■ What this task involves ■
Begin at the line containing "可爱简单的一碗米饭怎么画-图1简笔画作品完成图" in the data below and go on through the line containing "Nike Air Jordan", repeating each line exactly; include both ends and no other line.
[Opening Records section]
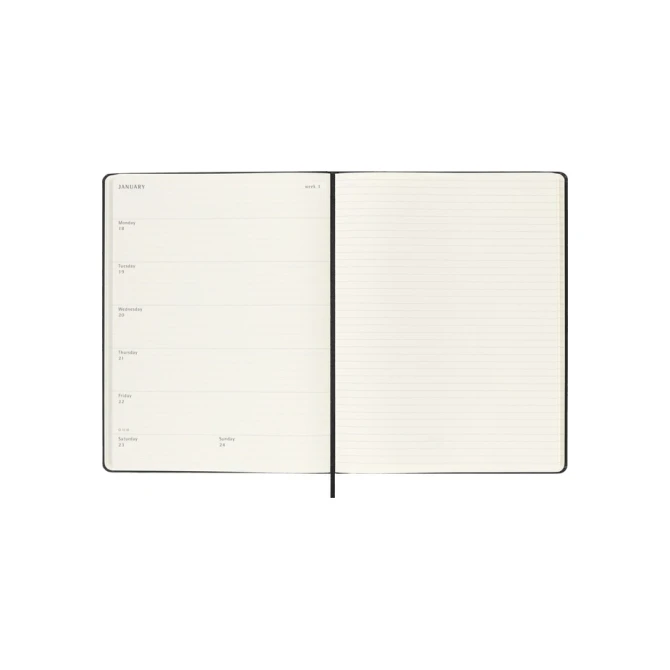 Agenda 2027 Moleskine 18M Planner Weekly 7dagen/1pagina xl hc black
[Closing Records section]
[Opening Records section]
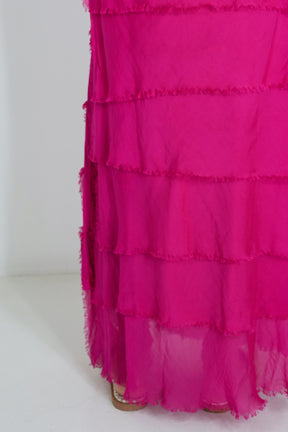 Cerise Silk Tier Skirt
[Closing Records section]
[Opening Records section]
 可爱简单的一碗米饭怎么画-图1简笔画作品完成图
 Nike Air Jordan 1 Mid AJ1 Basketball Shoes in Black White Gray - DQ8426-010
[Closing Records section]
■ Exercise solution ■
 可爱简单的一碗米饭怎么画-图1简笔画作品完成图
 Nike Air Jordan 1 Mid AJ1 Basketball Shoes in Black White Gray - DQ8426-010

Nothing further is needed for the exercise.